Again using the 2014_wk2_interior_trim_removal_001.pdf document as my guide I reviewed the section on AIR BAG, Knee Blocker/Removal and found it deceptively confusing. BEFORE disconnecting the negative battery cable as instructed, first move your steering column out and down as far as possible. Then using a 10mm wrench disconnect the battery under the passenger seat and wait 2 minutes for the airbag capacitors to discharge.
The instruction sheet for step 2 is painfully lacking in help here so you might want to jump to the CLUSTER, INSTRUMENT step 3, only to find that it is only more confusing, but gives you a bit of info that is helpful. There is a plastic trim piece that goes around the steering column that has a fake leather “shroud” that is flexible so when the steering column is positioned it moves with it. The flexible material is attached to a hard plastic trim piece that clips into the dash. Use your hands and trim tool to release it. Once its free you will see four 7mm screws at the top of the steering column. The top two are for the instrument cluster and the bottom two are for the Air Bag Knee Blocker panel. Remove the two lower screws with a 7mm socket wrench, taking care to not scratch the steering wheel or turn signal stalks with your wrench. I used a soft rag to protect them.

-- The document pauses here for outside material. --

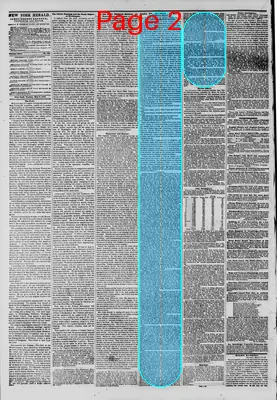 Page thumbnail for The New York Herald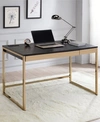 FURNITURE OF AMERICA MORREY 2-DRAWER WRITING DESK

Lay down a thick towel over the driver side sill and floorboard area to protect you back. If you lay down upside down so you head is now under the dash and legs awkwardly dangling out the door you will see a mass of structures, wires, vents and plastic bits. There are two 7mm nuts that you need to remove with a socket wrench. Look at the photos to help orient yourself and identify the two nuts, and remove them.
Now you can now easily remove the panel with a trim tool. Be careful to not pull the panel away too far as you still need to remove all the electrical and mechanical connectors. Start with the headlight switch. Pull the red locking tab up and then pinch the connector to remove. The fuel door connector uses a small tab connector that required a small flat blade screwdriver to push in while pulling the connector out. The hood latch release mechanism also uses a small tab that must be pushed down to release the whole assembly. Finally you need to disconnect the airbag connector. Again the instructions are poor at best. It took some time but I used the small flat blade screw driver to lift the orange locking clip straight up then used the plastic trim tool to gently pull the connector out from the airbag. There was no way I was able to “pinch” the sides to release the connector in that tight space. Now you can move the knee panel/airbag away.
At this point I used my flashlight with my left hand to highlight the area of the drain hose. Using my right hand I could pull the firewall sound proof material away enough to see the end of the drain hose dangling. The picture unfortunately does not show the drainage hole through the firewall because the hose is covering it. I superimposed a hole to help identify its location. This space is very tight and I was not able to get two hands in this spot at one time. The sound proofing is also very stiff and so it took some effort to weasel my hand into location, slide it under the sound proofing and manipulate the end of the hose and set the grommet in place securely.
Assuming your sunroof is already open to test the drain use a small funnel and container of water to slowly pour water into the drain. If all went well you can now proceed to step 6. Otherwise you will need to go further into your investigation. Sorry.
At this point its simply a reversal of the previous steps.
I apologize if I missed any steps or my tools are wrong as I did this during a horrible cold and not very clear in the head.